The most prolific sources of petroleum are in sedimentary strata of the Carboniferous and Tertiary periods. Because the most detailed geologic work is insufficient to provide for the appropriate evaluation of the numerous factors involved in the occurrence of petroleum, and because only a relatively small percentage of the areas of sedimentary rocks throughout the world have been examined geologically in any appreciable detail, it is difficult to estimate the future supply of petroleum or to predict that large accumulations will be discovered in any particular region.

The principal countries contributing to the world’s production of petroleum rank as follows in general order of importance: United States, Russia, Mexico, Dutch East Indies, Roumania, India, Persia and Galicia. Other countries produce less than 2 per cent. of the annual total. The greatest change that is likely to come in the geographical distribution of production is a larger output from the countries bordering the Caribbean Sea and the Gulf of Mexico, and from the Persian and Mesopotamian fields. Mexico now ranks second to the United States, and South American countries promise to become more important contributors to the world’s production than they now are. Russia is expected to become ultimately one of the chief producers of petroleum.

Within the next decade, through improved methods of production and through the further amalgamation of producing, transporting, refining, and marketing companies into strong units, the output will undoubtedly be larger and will be more economically produced. In the refining of petroleum it is probable that improved methods will make possible the recovery of a larger percentage of lighter products from low-grade petroleum. Internal-combustion engines are being modified so as to run on petroleum products of lower volatility than gasoline. The use of petroleum as fuel under railroad and marine boilers is expected to increase enormously in the next decade. As the output of the producing fields declines, the vast deposits of oil shale in the western United States will be developed as a source of oil.

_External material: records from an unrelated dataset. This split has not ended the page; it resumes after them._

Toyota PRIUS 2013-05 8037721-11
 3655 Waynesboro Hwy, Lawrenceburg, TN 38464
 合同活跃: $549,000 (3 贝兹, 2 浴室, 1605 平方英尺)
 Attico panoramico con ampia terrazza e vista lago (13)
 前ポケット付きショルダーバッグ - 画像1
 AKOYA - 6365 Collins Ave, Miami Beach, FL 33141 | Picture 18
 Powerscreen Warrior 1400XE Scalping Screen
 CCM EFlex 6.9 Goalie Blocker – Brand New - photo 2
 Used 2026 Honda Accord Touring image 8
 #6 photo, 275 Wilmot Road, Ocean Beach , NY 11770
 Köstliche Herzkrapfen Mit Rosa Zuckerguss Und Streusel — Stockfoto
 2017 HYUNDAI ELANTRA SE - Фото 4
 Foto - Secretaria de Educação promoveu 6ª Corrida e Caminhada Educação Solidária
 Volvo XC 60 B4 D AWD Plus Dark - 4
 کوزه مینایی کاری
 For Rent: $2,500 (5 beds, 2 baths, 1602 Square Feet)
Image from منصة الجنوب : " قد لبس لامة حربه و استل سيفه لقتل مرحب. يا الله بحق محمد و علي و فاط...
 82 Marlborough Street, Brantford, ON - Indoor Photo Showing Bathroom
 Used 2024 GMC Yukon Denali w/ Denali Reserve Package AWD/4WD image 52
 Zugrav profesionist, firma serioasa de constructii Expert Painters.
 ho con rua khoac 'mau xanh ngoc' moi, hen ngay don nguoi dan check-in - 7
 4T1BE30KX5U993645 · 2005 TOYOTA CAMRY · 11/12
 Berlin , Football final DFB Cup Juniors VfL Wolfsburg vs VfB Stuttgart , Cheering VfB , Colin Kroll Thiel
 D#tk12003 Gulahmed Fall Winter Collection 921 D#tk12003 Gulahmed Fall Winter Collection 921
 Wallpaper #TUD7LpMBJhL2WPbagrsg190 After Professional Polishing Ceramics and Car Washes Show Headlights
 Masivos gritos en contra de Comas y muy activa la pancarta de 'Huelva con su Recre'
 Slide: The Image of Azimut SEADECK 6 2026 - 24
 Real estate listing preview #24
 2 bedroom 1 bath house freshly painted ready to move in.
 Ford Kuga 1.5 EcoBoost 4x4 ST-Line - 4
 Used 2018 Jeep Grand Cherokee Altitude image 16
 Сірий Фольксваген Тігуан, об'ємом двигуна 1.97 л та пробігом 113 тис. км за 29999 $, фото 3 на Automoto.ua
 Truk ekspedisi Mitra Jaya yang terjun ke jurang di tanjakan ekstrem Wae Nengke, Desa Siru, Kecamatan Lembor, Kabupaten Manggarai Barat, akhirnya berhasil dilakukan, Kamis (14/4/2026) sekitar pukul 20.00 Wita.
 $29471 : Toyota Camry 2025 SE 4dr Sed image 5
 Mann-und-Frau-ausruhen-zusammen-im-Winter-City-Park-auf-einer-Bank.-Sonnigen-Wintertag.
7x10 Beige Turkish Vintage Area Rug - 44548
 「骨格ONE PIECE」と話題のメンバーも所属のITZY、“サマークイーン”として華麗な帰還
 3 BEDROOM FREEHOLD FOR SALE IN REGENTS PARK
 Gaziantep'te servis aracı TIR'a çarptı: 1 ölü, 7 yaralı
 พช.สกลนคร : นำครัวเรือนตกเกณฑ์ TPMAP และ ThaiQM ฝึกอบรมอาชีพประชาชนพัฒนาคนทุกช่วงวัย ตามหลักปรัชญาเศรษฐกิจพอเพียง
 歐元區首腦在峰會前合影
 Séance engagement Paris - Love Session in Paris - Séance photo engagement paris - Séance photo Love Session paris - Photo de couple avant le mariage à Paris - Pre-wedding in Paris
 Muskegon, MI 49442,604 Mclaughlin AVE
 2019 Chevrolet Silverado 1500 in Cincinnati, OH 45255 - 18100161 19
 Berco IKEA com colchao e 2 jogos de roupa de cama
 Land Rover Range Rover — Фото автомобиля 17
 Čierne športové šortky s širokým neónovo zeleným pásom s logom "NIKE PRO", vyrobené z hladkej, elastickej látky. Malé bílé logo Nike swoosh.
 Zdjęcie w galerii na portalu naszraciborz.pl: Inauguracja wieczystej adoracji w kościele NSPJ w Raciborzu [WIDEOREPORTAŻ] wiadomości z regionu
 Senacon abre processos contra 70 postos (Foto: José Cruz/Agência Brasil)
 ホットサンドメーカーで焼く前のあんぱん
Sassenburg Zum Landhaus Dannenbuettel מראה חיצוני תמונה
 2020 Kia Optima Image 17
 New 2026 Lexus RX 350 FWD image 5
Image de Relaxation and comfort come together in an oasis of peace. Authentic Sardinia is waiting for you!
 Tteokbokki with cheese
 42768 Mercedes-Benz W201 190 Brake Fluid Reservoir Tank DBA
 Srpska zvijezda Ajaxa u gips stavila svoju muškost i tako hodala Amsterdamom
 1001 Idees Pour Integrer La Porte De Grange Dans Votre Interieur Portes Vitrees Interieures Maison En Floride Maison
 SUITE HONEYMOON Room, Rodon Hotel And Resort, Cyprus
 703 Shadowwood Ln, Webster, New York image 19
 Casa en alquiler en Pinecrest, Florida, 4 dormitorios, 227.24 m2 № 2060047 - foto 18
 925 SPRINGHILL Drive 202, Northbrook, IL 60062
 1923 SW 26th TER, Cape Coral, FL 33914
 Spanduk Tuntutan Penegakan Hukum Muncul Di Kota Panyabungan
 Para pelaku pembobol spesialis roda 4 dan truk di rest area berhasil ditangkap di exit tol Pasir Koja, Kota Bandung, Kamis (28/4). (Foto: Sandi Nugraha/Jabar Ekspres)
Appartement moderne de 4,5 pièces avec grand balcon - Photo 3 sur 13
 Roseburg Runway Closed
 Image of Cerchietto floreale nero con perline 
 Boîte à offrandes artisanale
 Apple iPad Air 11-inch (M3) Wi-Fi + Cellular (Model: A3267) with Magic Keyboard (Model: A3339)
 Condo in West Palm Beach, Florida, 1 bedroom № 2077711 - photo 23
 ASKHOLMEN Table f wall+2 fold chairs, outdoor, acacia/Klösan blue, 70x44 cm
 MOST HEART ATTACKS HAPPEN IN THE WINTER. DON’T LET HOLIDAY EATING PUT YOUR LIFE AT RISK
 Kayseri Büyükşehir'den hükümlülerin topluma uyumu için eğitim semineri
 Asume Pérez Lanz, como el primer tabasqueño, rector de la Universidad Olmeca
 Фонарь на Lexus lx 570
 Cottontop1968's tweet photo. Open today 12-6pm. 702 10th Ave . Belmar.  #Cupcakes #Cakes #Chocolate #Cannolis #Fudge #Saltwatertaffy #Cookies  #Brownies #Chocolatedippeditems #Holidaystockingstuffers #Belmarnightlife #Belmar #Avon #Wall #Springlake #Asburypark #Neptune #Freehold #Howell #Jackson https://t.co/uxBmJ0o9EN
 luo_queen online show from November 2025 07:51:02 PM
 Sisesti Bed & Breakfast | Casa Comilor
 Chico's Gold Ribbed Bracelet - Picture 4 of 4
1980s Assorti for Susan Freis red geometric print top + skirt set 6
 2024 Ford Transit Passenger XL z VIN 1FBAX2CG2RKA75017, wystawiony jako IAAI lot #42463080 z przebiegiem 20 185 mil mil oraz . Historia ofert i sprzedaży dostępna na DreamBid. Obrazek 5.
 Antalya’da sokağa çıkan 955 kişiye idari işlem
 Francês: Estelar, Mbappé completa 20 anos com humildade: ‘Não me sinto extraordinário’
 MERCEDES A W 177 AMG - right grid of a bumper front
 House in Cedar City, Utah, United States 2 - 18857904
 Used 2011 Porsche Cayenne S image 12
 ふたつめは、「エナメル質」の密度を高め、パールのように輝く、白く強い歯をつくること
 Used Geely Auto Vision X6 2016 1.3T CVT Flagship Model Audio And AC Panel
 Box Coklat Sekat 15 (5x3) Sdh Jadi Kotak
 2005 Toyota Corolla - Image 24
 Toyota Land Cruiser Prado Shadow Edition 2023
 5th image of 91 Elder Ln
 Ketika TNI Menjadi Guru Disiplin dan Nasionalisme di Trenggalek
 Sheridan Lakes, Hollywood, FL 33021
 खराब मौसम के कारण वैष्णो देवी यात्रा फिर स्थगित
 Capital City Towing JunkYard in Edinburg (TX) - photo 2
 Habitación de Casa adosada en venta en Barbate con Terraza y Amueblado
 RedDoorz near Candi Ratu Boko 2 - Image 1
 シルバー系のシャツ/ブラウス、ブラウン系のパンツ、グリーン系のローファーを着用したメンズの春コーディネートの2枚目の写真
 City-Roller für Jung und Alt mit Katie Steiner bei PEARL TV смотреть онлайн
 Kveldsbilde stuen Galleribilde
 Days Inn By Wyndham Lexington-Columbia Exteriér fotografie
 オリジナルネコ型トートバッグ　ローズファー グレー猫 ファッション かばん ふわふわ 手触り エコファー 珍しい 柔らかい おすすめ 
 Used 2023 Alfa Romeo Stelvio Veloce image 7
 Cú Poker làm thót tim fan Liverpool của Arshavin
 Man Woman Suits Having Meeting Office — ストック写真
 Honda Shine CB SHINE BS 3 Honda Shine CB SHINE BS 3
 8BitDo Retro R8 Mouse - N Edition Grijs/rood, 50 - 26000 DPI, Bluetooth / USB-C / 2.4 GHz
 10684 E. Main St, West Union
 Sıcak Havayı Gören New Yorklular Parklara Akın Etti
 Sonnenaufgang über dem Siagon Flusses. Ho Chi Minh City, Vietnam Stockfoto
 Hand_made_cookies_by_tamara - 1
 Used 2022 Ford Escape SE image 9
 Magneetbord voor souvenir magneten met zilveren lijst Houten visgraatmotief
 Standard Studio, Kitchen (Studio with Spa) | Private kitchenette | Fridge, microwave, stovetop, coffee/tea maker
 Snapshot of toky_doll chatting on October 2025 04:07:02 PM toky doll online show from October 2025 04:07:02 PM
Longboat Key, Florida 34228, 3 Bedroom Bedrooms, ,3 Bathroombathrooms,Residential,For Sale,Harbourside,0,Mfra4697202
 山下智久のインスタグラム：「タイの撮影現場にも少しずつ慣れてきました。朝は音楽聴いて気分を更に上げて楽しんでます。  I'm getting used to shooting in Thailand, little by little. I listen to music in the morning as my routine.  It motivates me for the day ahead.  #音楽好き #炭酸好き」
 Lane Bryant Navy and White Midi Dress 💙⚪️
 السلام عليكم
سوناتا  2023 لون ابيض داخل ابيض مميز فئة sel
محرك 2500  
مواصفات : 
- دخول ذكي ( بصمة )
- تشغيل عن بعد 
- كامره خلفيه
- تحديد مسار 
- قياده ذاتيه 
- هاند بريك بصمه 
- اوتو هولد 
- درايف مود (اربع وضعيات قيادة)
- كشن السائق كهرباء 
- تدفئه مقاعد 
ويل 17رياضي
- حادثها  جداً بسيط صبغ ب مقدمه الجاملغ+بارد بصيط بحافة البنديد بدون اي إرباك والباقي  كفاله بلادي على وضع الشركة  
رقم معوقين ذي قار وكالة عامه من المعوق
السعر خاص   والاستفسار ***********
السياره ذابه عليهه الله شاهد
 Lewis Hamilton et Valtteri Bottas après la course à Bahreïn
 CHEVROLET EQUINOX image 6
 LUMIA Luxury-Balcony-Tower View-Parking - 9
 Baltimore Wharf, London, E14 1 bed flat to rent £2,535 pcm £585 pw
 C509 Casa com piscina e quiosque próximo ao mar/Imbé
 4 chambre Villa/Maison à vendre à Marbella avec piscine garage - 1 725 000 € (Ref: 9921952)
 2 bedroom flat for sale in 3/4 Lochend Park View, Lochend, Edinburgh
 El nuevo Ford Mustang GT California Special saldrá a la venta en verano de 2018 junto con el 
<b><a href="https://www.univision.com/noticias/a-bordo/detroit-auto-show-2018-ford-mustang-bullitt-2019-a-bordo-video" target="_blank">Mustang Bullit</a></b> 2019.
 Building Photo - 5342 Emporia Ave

So far as is known, political control of the petroleum resources of the world is determined by state sovereignty (see [Plate I], page 7). In normal times, the United States controls politically over 66 per cent. of the present output of petroleum. Russia and Mexico ranked second and third in 1917, controlling 13.6 per cent. and 10.9 per cent., respectively. The remaining 9 per cent. was controlled by Great Britain, Holland, Persia (British government owned), Roumania, Austria-Hungary, Japan, Peru, Germany, Argentina and Italy in the order named.

The [table] showing the nationality and the approximate extent of the commercial control exercised by the dominant interests in each of the principal oil-producing countries, and [Fig. 2] (page 12) are the best possible summaries of commercial control. United States capital is supreme in the commercial control of the petroleum industry of the Western Hemisphere. British and British-Dutch interests easily dominate the petroleum situation in the Eastern Hemisphere. France no longer exercises control over any important fields. Japanese interests, controlling at present all the oil fields of Japan, may be expected to make large investments in the petroleum fields of Mexico, China and Russia.